From e36498da69e01ff71e2c41ac3fe6b6e5cb6671e3 Mon Sep 17 00:00:00 2001
From: flavis <christian@flavigny.de>
Date: Thu, 24 Jun 2021 21:45:52 +0200
Subject: [PATCH] make hateimparlament a package, create stub vignette with
 funwithdata content

---
 DESCRIPTION                    | 26 ++++++++++++++++++++++++
 NAMESPACE                      |  7 +++++++
 {scraping => R}/fetch.R        | 25 +++++++++++------------
 R/hateimparlament-package.R    | 15 ++++++++++++++
 {utils => R}/helpers.R         |  0
 {scraping => R}/parse.R        | 20 ++++++-------------
 {scraping => R}/repair.R       |  2 --
 analysis/funwithdata.R         | 19 ------------------
 man/hateimparlament-package.Rd | 18 +++++++++++++++++
 scraping/config.R              |  2 --
 vignettes/.gitignore           |  2 ++
 vignettes/funwithdata.Rmd      | 36 ++++++++++++++++++++++++++++++++++
 12 files changed, 121 insertions(+), 51 deletions(-)

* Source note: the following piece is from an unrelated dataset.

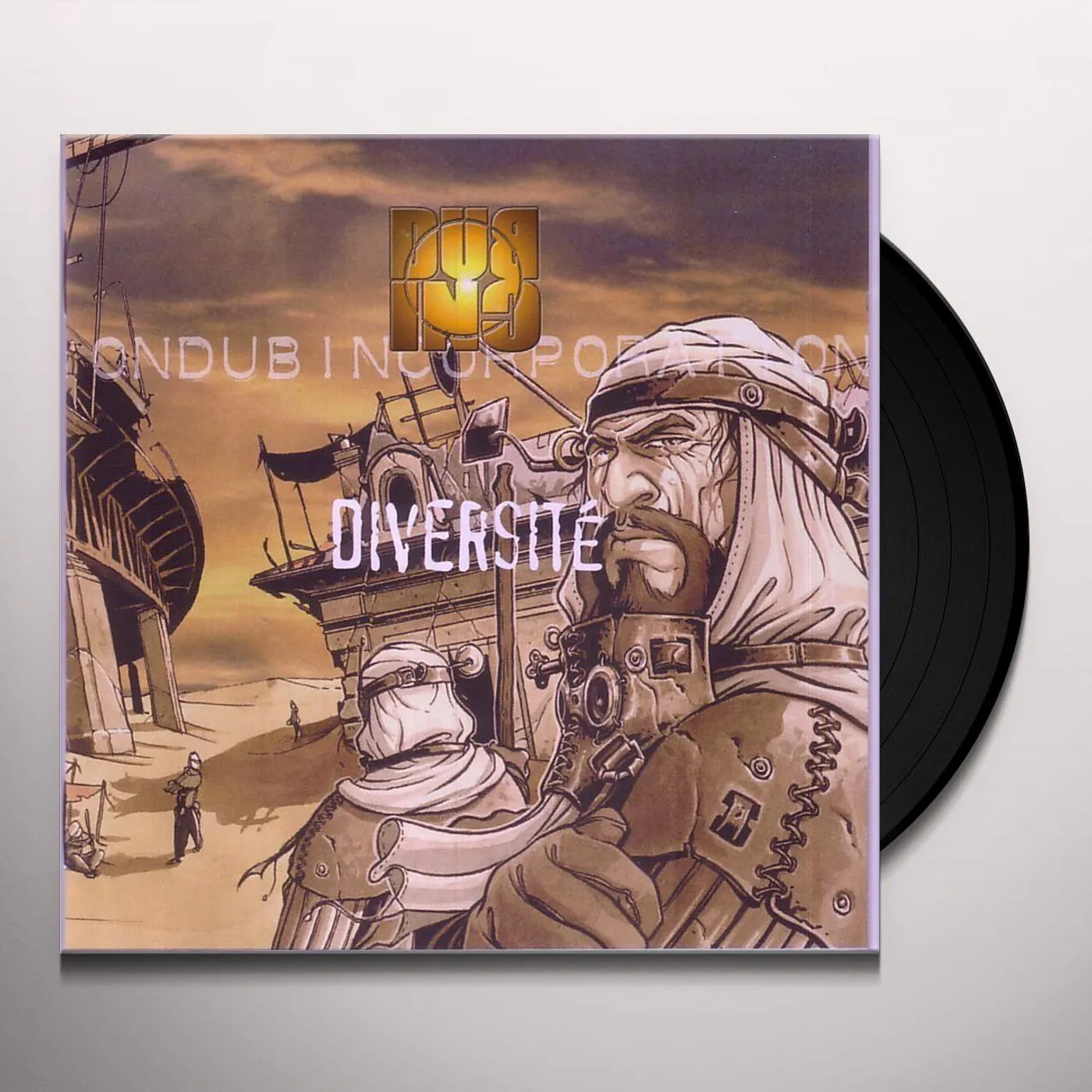 Dub Inc DIVERSITE Vinyl Record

 create mode 100644 DESCRIPTION
 create mode 100644 NAMESPACE
 rename {scraping => R}/fetch.R (66%)
 create mode 100644 R/hateimparlament-package.R
 rename {utils => R}/helpers.R (100%)
 rename {scraping => R}/parse.R (91%)
 rename {scraping => R}/repair.R (98%)
 delete mode 100644 analysis/funwithdata.R
 create mode 100644 man/hateimparlament-package.Rd
 delete mode 100644 scraping/config.R
 create mode 100644 vignettes/.gitignore
 create mode 100644 vignettes/funwithdata.Rmd

diff --git a/DESCRIPTION b/DESCRIPTION
new file mode 100644
index 0000000..cee53fb
--- /dev/null
+++ b/DESCRIPTION
@@ -0,0 +1,26 @@
+Package: hateimparlament
+Title: Protocolanalysis of German Bundestag
+Version: 0.0.0.9000
+Authors@R: 
+    person(given = "First",
+           family = "Last",
+           role = c("aut", "cre"),
+           email = "first.last@example.com",
+           comment = c(ORCID = "YOUR-ORCID-ID"))

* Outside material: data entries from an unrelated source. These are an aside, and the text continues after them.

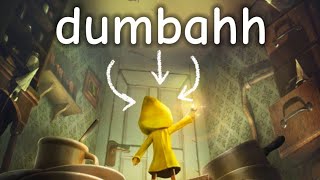 Idiot plays Little Nightmares (headset kinda broke again btw)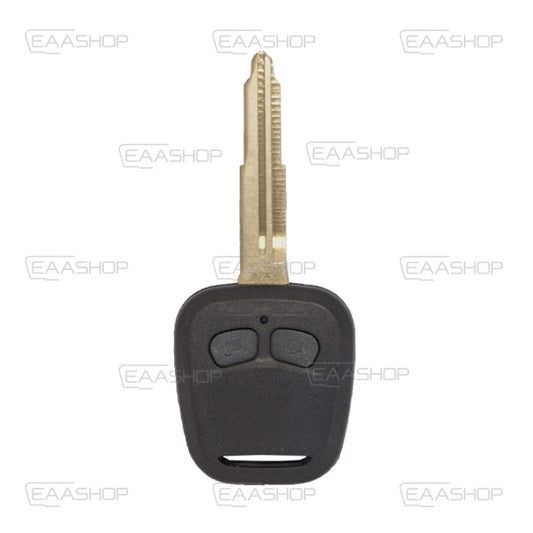 Mitsubishi 2 Button Fixed Remote Control Housing - Mit11R Profile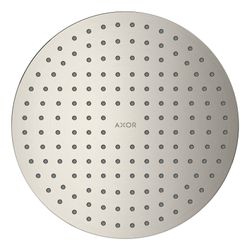 Hansgrohe AXOR ShowerSolutions Kopfbrause 250mm, 21l/min, 2jet Deckenintegriert, Ed... HANSGROHE-35298800 4059625238462 (Abb. 1)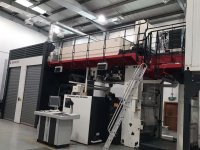 WINDMÖLLER & HÖLSCHER MIRAFLEX AL Imprimeus Flexo 8 couleurs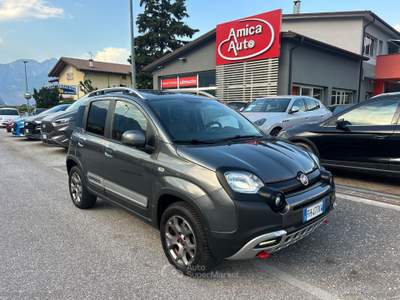 Fiat Panda Panda Cross 0.9 TwinAir Turbo S&S 4x4 Grigio usata Lavis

+Description: Downloads, parses and analyses protocols of the current German parliament (Bundestag).
+License: `use_mit_license()`, `use_gpl3_license()` or friends to pick a
+    license
+Encoding: UTF-8
+LazyData: true
+Roxygen: list(markdown = TRUE)
+RoxygenNote: 7.1.1
+Imports: 
+    dplyr,
+    pbapply,
+    rvest,
+    stringr,
+    xml2
+Suggests: 
+    rmarkdown,
+    knitr
+VignetteBuilder: knitr
diff --git a/NAMESPACE b/NAMESPACE
new file mode 100644
index 0000000..d2b8265
--- /dev/null
+++ b/NAMESPACE
@@ -0,0 +1,7 @@
+# Generated by roxygen2: do not edit by hand
+
+import(dplyr)
+import(pbapply)
+import(stringr)
+import(tibble)
+import(xml2)
diff --git a/scraping/fetch.R b/R/fetch.R
similarity index 66%
rename from scraping/fetch.R
rename to R/fetch.R
index dd3bb9b..766eaaa 100644
--- a/scraping/fetch.R
+++ b/R/fetch.R
@@ -1,9 +1,3 @@
-source("../utils/helpers.R")
-source("config.R")
-library(rvest)
-library(stringr)
-library(pbapply)
-
 mk_absolute_url <- function(path) paste0("https://www.bundestag.de", path)
 
 mk_url <- function(offset) {
@@ -11,30 +5,33 @@ mk_url <- function(offset) {
                                 offset)
 }
 
-download_protocol <- function(path, name) {
-    fp <- paste0(DOWNLOAD_DIR, name)
+download_protocol <- function(path, name, download_dir) {
+    fp <- paste0(download_dir, name)
     try %$% download.file(mk_absolute_url(path), fp, quiet=T)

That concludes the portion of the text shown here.